A happy and relieved Carpenter commented on his huge accomplishment: “This is the start of a dream come true...this is just the first part of what we want to do. To fight the Penske’s and Andretti’s is an accomplishment in itself! This is fun ,and it’s huge for our team, but the pole won’t mean much if we don’t go out and perform on race day. I’m really proud to lead the field to the start of the 97th Indy 500. It makes me that much more proud to be a Hoosier!” Carpenter’s pole-winning efforts paid off well for the small team. They collected $100,000 and 15 precious IZOD IndyCar Series championship points.
Rookie speedster Carlos Munoz of Columbia wound up second in the middle of the first row beside Carpenter with a four-lap average of 228.342 mph. The Andretti Autosport rookie was elated when told he had made Indianapolis Motor Speedway history by becoming the youngest driver (21 years and 136 days old) to ever earn a front row starting position. Munoz commented on his front row accomplishment: “I don’t have words to describe how happy I am! Just to be a rookie on the front is a dream come true!”

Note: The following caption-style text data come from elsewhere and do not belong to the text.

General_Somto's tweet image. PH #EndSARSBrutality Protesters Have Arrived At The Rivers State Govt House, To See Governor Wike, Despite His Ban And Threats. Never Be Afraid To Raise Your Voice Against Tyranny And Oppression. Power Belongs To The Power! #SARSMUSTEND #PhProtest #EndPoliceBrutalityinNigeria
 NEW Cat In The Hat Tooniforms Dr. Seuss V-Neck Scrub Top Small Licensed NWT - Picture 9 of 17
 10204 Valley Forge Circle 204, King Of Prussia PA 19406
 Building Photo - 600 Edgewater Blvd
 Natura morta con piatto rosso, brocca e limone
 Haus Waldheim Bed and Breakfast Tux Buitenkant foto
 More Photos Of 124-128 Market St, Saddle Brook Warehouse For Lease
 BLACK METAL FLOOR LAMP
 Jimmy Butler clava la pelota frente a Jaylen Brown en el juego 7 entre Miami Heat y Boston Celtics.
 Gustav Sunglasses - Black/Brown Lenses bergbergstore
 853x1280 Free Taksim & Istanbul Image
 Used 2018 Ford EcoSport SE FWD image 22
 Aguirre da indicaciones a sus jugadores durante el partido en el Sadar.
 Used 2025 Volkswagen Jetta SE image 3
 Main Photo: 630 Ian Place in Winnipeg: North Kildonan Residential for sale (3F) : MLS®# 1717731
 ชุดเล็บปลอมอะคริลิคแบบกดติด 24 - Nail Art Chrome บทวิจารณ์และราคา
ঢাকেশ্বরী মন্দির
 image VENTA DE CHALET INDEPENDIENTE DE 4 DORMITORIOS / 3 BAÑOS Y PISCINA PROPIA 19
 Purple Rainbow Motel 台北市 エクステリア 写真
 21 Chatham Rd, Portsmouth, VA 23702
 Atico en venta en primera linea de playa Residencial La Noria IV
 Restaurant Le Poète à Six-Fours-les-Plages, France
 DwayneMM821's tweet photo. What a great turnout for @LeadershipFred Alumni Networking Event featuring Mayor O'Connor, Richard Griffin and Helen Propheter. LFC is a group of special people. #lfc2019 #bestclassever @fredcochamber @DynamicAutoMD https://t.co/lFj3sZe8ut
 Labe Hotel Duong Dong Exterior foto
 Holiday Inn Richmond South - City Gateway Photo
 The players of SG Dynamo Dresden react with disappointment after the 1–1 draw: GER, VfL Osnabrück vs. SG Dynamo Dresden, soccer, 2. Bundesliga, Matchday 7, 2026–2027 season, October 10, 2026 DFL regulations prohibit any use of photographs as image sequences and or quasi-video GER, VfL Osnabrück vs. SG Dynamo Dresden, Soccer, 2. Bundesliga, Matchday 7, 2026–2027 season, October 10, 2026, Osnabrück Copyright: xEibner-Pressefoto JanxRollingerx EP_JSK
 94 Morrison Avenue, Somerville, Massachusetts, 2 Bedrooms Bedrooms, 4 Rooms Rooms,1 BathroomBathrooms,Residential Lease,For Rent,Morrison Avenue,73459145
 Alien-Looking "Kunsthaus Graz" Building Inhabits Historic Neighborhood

Ironically, the last Columbian to qualify on the front row was Juan Pablo Montoya. As a rookie, Montoya also qualified second in 2000, and incredibly went on to win the 2000 Indy 500. Rookie Munoz collected $50,000 for his second place qualifying efforts. Filling out the first row, with the third fastest speed of 228.261 mph, was Andretti Autosport’s Marco Andretti. It was Andretti’s best qualification run and Indy 500 starting position ever in eight tries. He collected $40,000 for his third place efforts. The third generation Marco Andretti, whose famous father Mario was the only Andretti ever to win the prestigious Indianapolis 500 (1969), hopes this is the year to break the much talked about “Andretti Jinx”.
A record-tying four women qualified for the 2013 Indy 500. Katherine Legge was the last qualifier making her first Indy 500 during Sunday’s Bump Day finals. Legge is joined by Ana Beatriz, Pippa Mann, and Simona de Silvestro in this year’s 33-car field. The ladies will be joined by four rookies in the field. This year’s Rookie of the Year contenders are: Conor Daly, Tristan Vautier, A J Allmendinger, and front row starter Carlos Munoz. Two drivers-Dario Franchitti and Helio Castroneves have a chance at joining the ranks of four-time Indy 500 winners with a victory in the 2013 Indy 500.
The 2013 Indianapolis 500 certainly has all the necessary ingredients to be one of the most competitive ever!